4. Code modularity: I piggybacked off of Chris' awesome library. I need to gain more experience in the right way to think about structuring RAG projects for reuse with Python language. If I were to containerize this, how would I split out the functionality? For example, one change I think I'd make is to move the prompts to their own directory and make several more that could be swapped in/out for experimentation.

[^1]: More about chunking:

- From @Hee-Meng in discord: [Chunking Strategies](https://www.youtube.com/watch?v=ZTOtxiWb2bE) was so helpful! There are at least 5 different strategies for chunking (fixed size, context aware, recursive, specialized, semantic) and the advice given is to first clean your data, select the technique most appropriate for your use case, experiment with chunks of various sizes, and then assess the quality of responses before deciding on the optimal size.

[^2]: More similarity metrics:
- **Cosine Similarity**
    Measures the angle between vectors, ignoring magnitude. Values range from -1 to 1.
    _Best for:_ Text embeddings, semantic search, and cases where document length varies significantly. It's the most common choice for RAG because it focuses on meaning rather than word count. Works well when you want documents with similar topics regardless of their length.

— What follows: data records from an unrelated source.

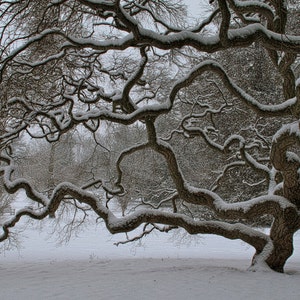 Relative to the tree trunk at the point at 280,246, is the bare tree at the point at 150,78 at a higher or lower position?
higher

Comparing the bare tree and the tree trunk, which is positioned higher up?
the bare tree

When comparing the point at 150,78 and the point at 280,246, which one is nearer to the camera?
the point at 280,246

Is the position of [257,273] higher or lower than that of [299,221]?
lower

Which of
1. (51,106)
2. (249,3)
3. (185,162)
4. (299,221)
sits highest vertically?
(249,3)

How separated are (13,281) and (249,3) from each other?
231 inches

- **Euclidean Distance (L2)**
    Measures straight-line distance between points in vector space. Smaller distances indicate higher similarity.
    _Best for:_ When both direction and magnitude matter, such as image embeddings or structured data. Less common in text RAG but useful when the embedding model produces vectors where magnitude carries semantic meaning.

- **Dot Product**
    Multiplies corresponding vector components and sums them. Higher values indicate greater similarity.
    _Best for:_ When vectors are normalized or when you want to consider both similarity and magnitude. Often used in neural networks and when working with embeddings that have been specifically designed for dot product similarity.

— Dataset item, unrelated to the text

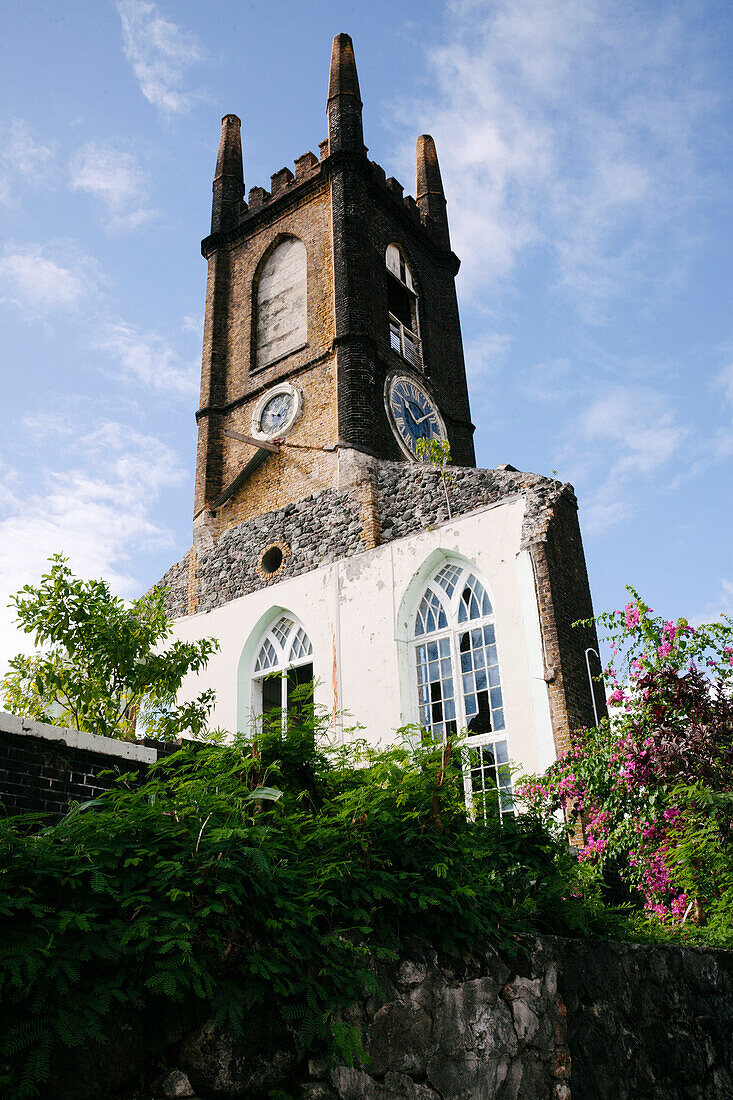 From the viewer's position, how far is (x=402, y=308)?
2208cm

- **Manhattan Distance (L1)**
    Sums absolute differences between corresponding vector components.
    _Best for:_ High-dimensional sparse vectors or when you want to reduce the impact of outliers. Less sensitive to extreme values than Euclidean distance. Sometimes used with count-based embeddings.

- **Jaccard Similarity**
    Measures overlap between sets, calculated as intersection over union.
    _Best for:_ Sparse binary vectors, keyword matching, or when working with bag-of-words representations. Useful for document similarity based on shared terms rather than semantic meaning.

- **Hamming Distance**
    Counts differing positions between binary vectors.
    _Best for:_ Binary embeddings, locality-sensitive hashing, or when memory/speed constraints require binary representations. Often used in similarity search optimizations.